S’agissant de l’affaire Samir Flores, la délégation a indiqué que c’est à partir de cette affaire que plusieurs personnes issues des communautés autochtones ont pu obtenir plusieurs mesures de protection.
Depuis 2021, il y a eu cinq affaires concernant la discrimination raciale qui ont abouti à des condamnations, a fait savoir la délégation.
La délégation a précisé que plus de 480 plaintes pour discrimination ont été déposées depuis 2021 devant le CONAPRED, lequel redouble d’efforts pour faire connaître aux populations autochtones les procédures de dépôt de plainte.
La délégation a par ailleurs indiqué qu’en 2012, le Mexique a adopté une loi de protection des défenseurs des droits de l’homme et des journalistes menacés en raison de leurs activités, qui a permis la création d’un mécanisme de protection en la matière. Les risques sont évalués de manière exhaustive avec une perspective de genre et culturelle, a précisé la délégation. Entre 2018 et 2023, le budget de ce mécanisme a augmenté de plus de 160% et les effectifs ont eux aussi augmenté de plus de 170%, ce qui a permis d’étendre la protection sur tout le territoire, a-t-elle fait valoir. En octobre 2022, a poursuivi la délégation, un groupe de travail pour le renforcement de ce mécanisme a été créé avec des représentants du Haut-Commissariat aux droits de l’homme. Dans le cadre de la politique de prévention en la matière, la coordination entre les différentes autorités compétentes a été renforcée, a souligné la délégation, avant d’ajouter que les autorités ont redoublé d’efforts pour prévenir les violences à l’encontre des défenseurs de l’environnement.

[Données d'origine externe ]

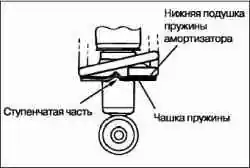 Разборка и сборка амортизаторной стойки
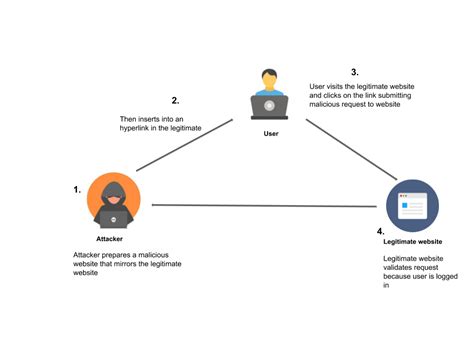 WebGoat Cross Site Request Forgery 的图像结果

Des campagnes de sensibilisation ont par ailleurs été diffusées sur l’ensemble du territoire pour mettre en valeur l’action des défenseurs des droits de l’homme.

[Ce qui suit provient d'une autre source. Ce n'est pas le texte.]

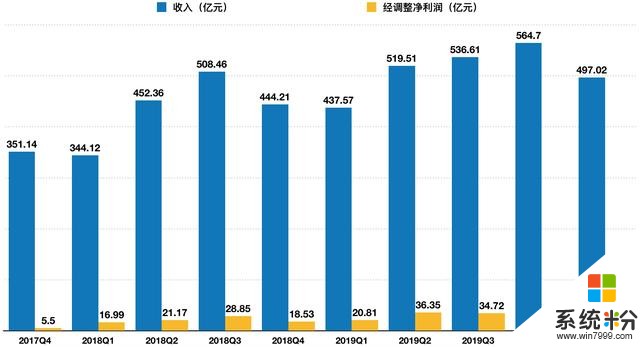 小米冲击高端首份季报：海外收入占比创新高，手机均价无突破(2)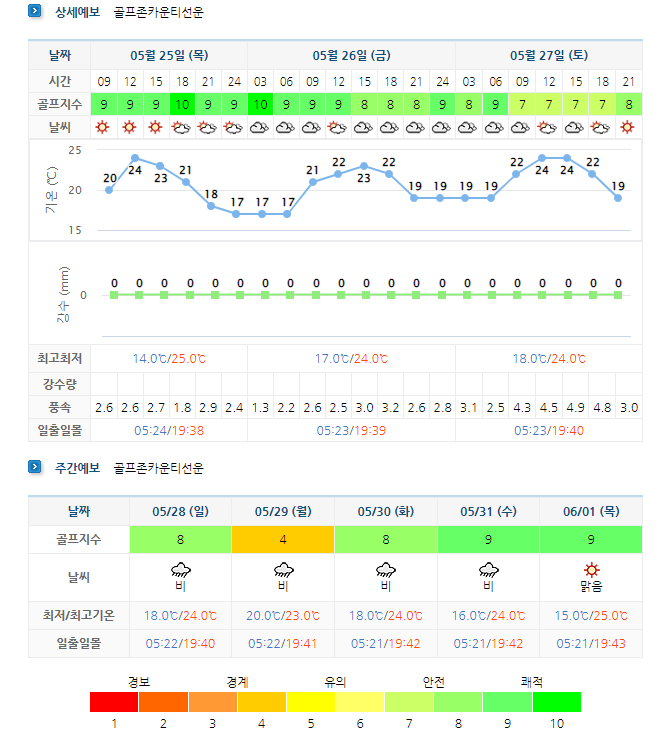 골프존카운티선운 선운산CC 날씨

La délégation a indiqué que le Mexique devient petit à petit un pays de destination et de retour de migrants. Le pays s’adapte à cette nouvelle situation. Les défis sont très nombreux dans ce domaine.
Entre 2019 et 2023, le nombre de migrants dont la situation a été régularisée s’est sensiblement accru (plus de 600 000 personnes), a ensuite précisé la délégation. Depuis 2019, les Haïtiens figurent parmi les cinq nationalités les plus représentées parmi les personnes qui obtiennent un permis de séjour dans le pays pour raison humanitaire, a-t-elle souligné.
Pour renforcer l’insertion des migrants, le Mexique a mis en place plusieurs programmes, notamment dans le domaine de l’éducation, a poursuivi la délégation.
D’importantes modifications ont été apportées à la loi sur les réfugiés pour qu’elle soit conforme au droit international des droits de l’homme dans ce domaine, a en outre fait valoir la délégation. Des programmes sont mis en place avec le Haut-Commissariat pour les réfugiés (HCR) et d’autres organisations afin de combattre la discrimination et la xénophobie et permettre l’inclusion des réfugiés dans la société, a-t-elle ajouté.
Le Mexique a augmenté le nombre de centres d’hébergement pour les jeunes migrants ; ces centres leur offrent toutes les garanties de protection et regroupent tous les services de base, a également souligné la délégation.
La délégation a par ailleurs indiqué que les autorités mexicaines ont développé des partenariats avec des entreprises afin qu’elles favorisent l’accès au travail pour les migrants.